# Task instructions
Look below for the line that contains "this 900×648 image.", then quote it and all the lines after it, exactly, with the pictures left out.

# Record excerpts
□ □ □
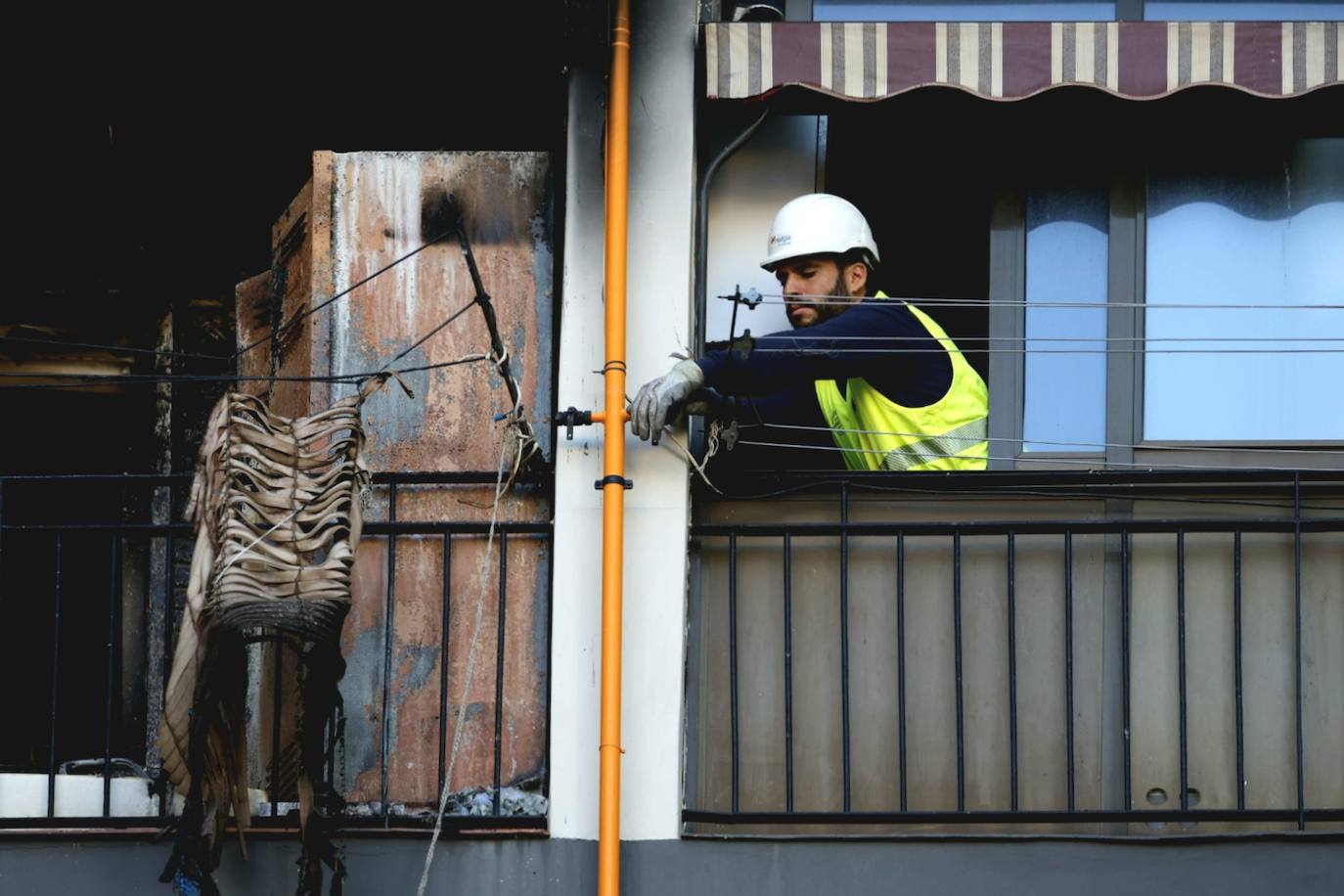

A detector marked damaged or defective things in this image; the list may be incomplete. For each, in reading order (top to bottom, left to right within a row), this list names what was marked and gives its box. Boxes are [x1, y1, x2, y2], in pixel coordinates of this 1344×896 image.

fire-damaged wall [236, 153, 552, 814]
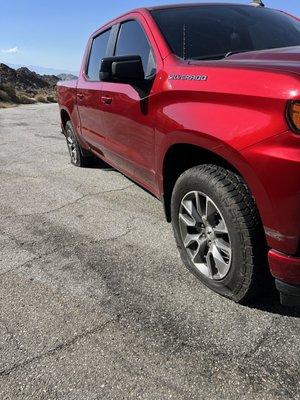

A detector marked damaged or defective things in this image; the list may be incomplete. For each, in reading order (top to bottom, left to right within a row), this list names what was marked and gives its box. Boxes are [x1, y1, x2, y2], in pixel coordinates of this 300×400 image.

cracked asphalt [0, 104, 298, 400]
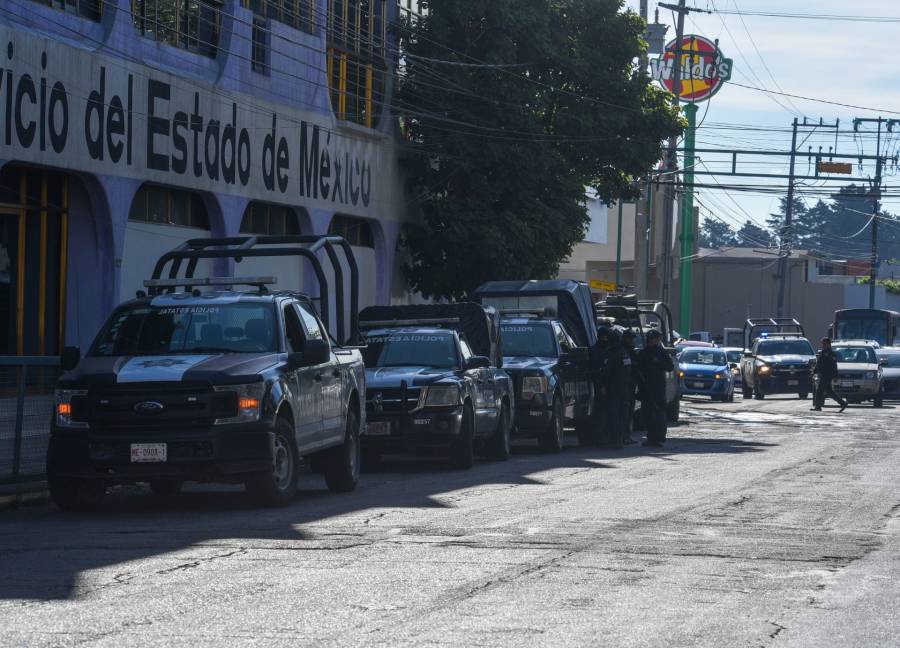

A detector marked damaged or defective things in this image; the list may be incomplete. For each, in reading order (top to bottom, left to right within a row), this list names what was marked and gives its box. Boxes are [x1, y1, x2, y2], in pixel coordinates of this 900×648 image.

cracked asphalt road [1, 398, 900, 644]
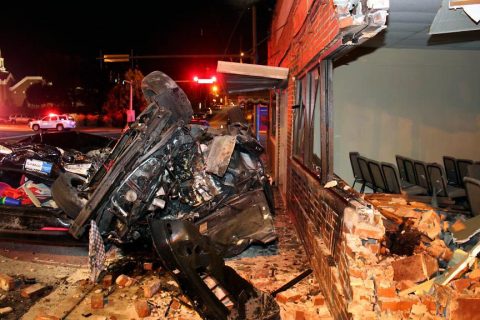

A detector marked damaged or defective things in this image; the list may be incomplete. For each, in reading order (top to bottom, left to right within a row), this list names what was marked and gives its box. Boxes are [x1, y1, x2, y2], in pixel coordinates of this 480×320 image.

crashed car [1, 72, 278, 320]
mangled car wreck [0, 71, 280, 318]
overturned car [42, 72, 278, 320]
broken brick pile [340, 192, 480, 320]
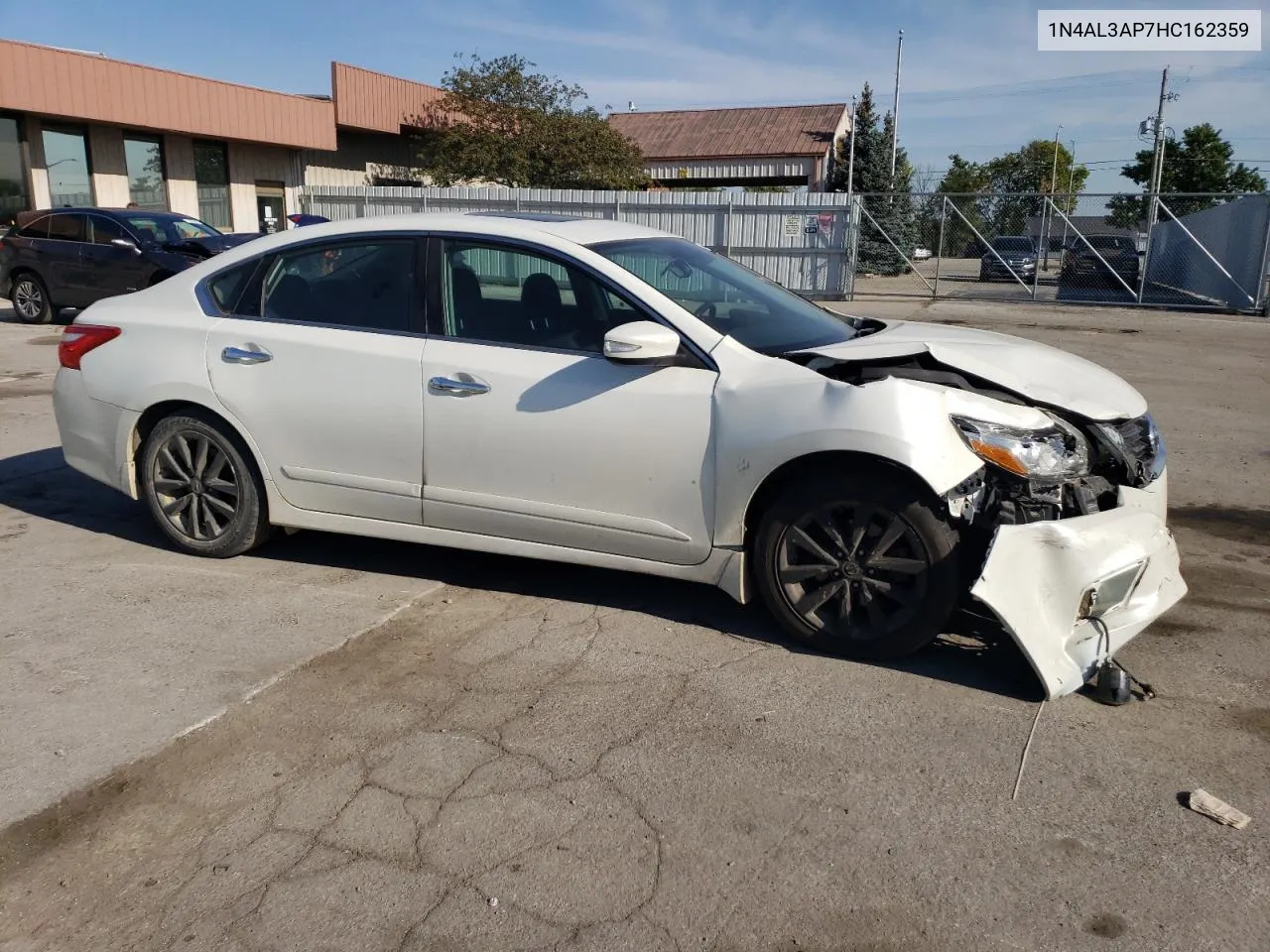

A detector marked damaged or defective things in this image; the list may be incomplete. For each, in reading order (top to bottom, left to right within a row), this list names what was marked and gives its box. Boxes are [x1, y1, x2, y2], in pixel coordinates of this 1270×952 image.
□ □ □
# Response to the task
A detector marked damaged or defective things in this image; the list may be incomplete. For each, in reading order (top to bottom, left to right within a row), this list names what was marked and gives its box. Boxes are [x1, y1, x2, y2], in pixel coordinates of this 900×648 image.

cracked asphalt road [1, 398, 900, 644]

A detector marked damaged or defective things in this image; the list may be incomplete. For each, in reading order (top to bottom, left to right within a row), this list names what was marked and gives its box. Boxes are [x1, y1, x2, y2], in pixel coordinates of this 480×320 image.

crashed car [1, 72, 278, 320]
mangled car wreck [0, 71, 280, 318]
overturned car [42, 72, 278, 320]
broken brick pile [340, 192, 480, 320]

A detector marked damaged or defective things in this image; the list may be incomplete. For each, in reading order (top to bottom, left to right within a row), this list names what was marked and gives its box. Boxes are [x1, y1, x2, y2], in pixel coordinates of this 1270×952 image.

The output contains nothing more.